11 ottobre 2024
Secondo quanto riportato alcune settimane fa dal quotidiano israeliano Haaretz, lo Stato ebraico avrebbe intenzione di reclutare richiedenti asilo per combattere a Gaza. In cambio il governo avrebbe promesso di regolarizzare una volta per tutte la posizione amministrativa dei migranti disposti a arruolarsi.
In base ai dati dell’autorità israeliane per l’immigrazione, nell’ottobre 2023 erano presenti 23.249 richiedenti asilo (esclusi i sudanesi arrivati durante il conflitto nel loro Paese e gli ucraini fuggiti dalla guerra in atto). Inoltre ci sono quasi 10.000 minori nati nel Paese, figli di coloro che sono in attesa da anni di un permesso di soggiorno definitivo. Secondo la ONG con sede a Tel Aviv, Hotline for Regugees and Migrants (HRM), solo l’1 per cento delle domande d’asilo vengono accolte positivamente.
Shira Abdo, direttrice per le politiche pubbliche di HRM, ha spiegato che molte richieste d’asilo non vengono respinte, ma sospese per cinque, dieci e anche più anni e ciò crea una situazione di “vuoto giuridico”.
Alcune fonti militari avrebbero confermato, mantenendo però l’anonimato, che il reclutamento è organizzato con consulenti legali specializzati nel ramo difesa. In poche parole, affermano che il reclutamento di queste nuove forze avviene in modo del tutto legale. Finora però non è trapelato come le reclute verranno impiegate poi sul campo. Molte ONG dubitano che il governo di Netanyahu mantenga le promesse fatte ai “volontari africani”, cioè di regolarizzare la loro posizione amministrativa.

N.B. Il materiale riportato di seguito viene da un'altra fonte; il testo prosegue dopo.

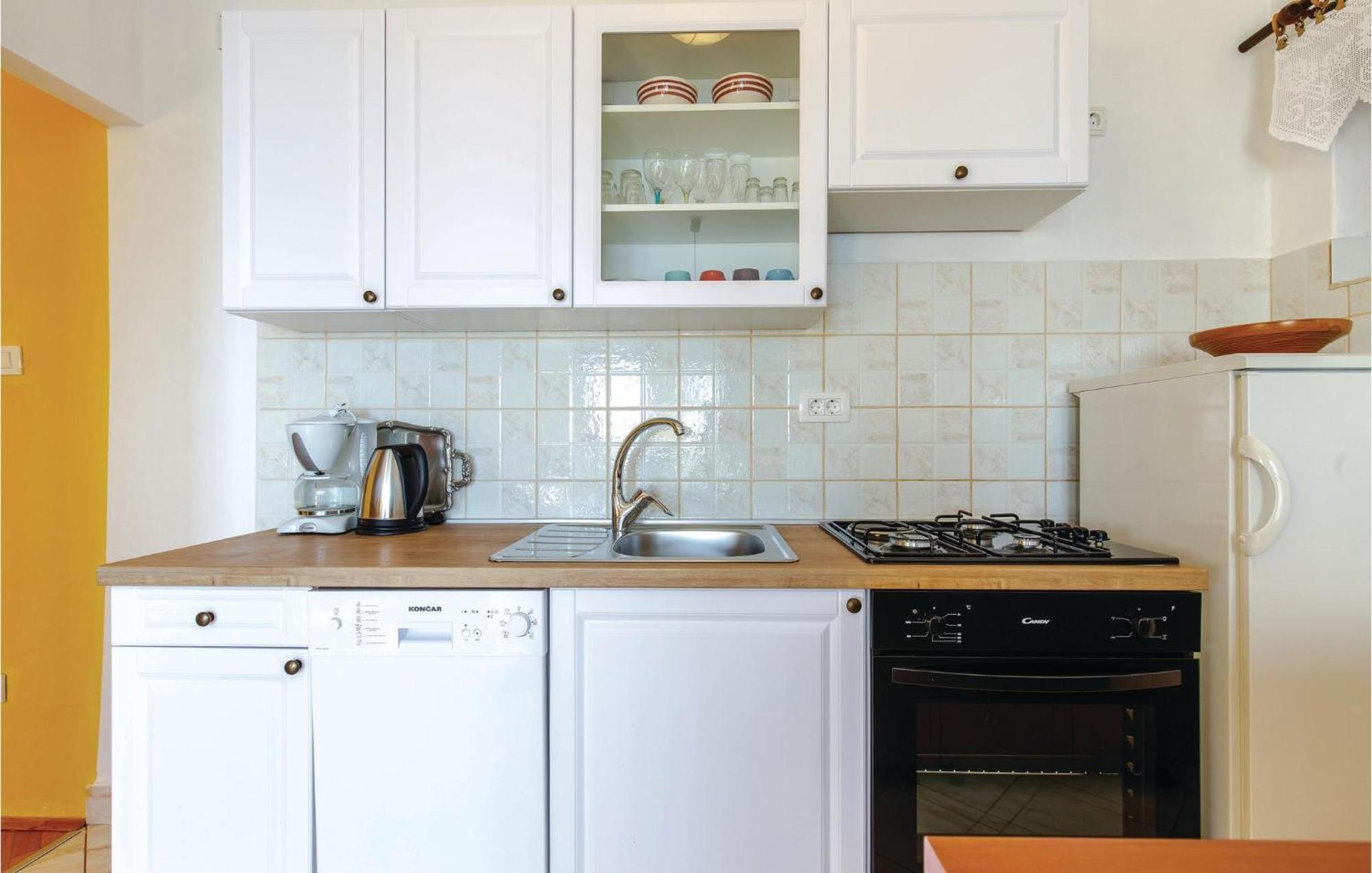 Stunning Apartment In Novi Vinodolski With Wifi Eksteriør bilde
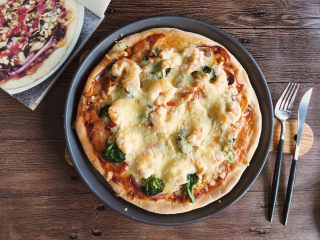 17、大虾披萨,烘烤结束后取出，成品图。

Uno dei richiedente asilo, intervistato dal quotidiano israeliano, ha spiegato che poco più di un mese dall’inizio del conflitto con Hamas (7 ottobre 2024 ndr) è stato contattato da un poliziotto, chiedendogli di presentarsi quanto prima nel più vicino commissariato. Agenti della sicurezza hanno poi illustrato al ragazzo che stavano cercando profili specifici per l’esercito. Il ragazzo ha raccontato ai reporter di Haaretz che le persone con le quali ha parlato avrebbero sottolineato: “Si tratta di una guerra di importanza vitale per Israele”.
Dopo svariati incontri con le persone addette al reclutamento, al giovane, arrivato nel Paese all’età di 16 anni, è stato proposto un addestramento intensivo di due settimane insieme ad altri in possesso di documenti provvisori come lui. In cambio avrebbe ottenuto la residenza permanente. “Ho declinato l’offerta, non ho mai tenuto un’arma in mano”, ha poi precisato ai giornalisti che lo hanno intervistato.
Nella speranza di accelerare la loro integrazione, molti richiedenti asilo si sono inizialmente offerti di aiutare in compiti civili dopo l’inizio della guerra tra Israele e Hamas. E, secondo Haaretz è stato così che è emersa l’idea di arruolarli nell’esercito e inviarli a Gaza.
Fino a poco fa il governo di Israele, ha sempre apostrofato i richiedenti africani come “infiltrati”. La maggior parte proviene dal Corno d’Africa – soprattutto eritrei – e dal Sudan (già ben prima che scoppiasse il conflitto nell’ex protettorato anglo-egiziano). Per anni lo Stato ebraico ha fatto di tutto per trasferirli in Paesi terzi come Uganda e Ruanda. Pur avendo sempre negato di aver accolto migranti da Israele, nel 2017 un quotidiano filo governativo di Kampala, “Sunday Vision”, aveva pubblicato in prima pagina: “Israel sends 1.400 refugees to Uganda” (Israele ha inviato millequattrocento rifugiati in Uganda).
Con il prolungarsi del conflitto, Israele è a corto di soldati, tant’è vero che già a giugno la Corte suprema aveva decretato obbligatorio il servizio militare anche per i giovani ultraortodossi, fino ad allora esenti dalla leva. Ed ora il governo recluta anche i tanto disprezzati richiedenti asilo. Molti di loro sono felici di poter servire il Paese ospitante. Un 21enne eritreo ha detto a Haaretz di aver sempre sognato fin da piccolo di arruolarsi nell’esercito, di fare la sua parte e poi di essere israeliano. “Questo è il mio sogno. Chi non sente questa mancanza di appartenenza, può vedere il reclutamento come uno sfruttamento. Chi non ha uno status, non ha altra scelta”, ha poi concluso.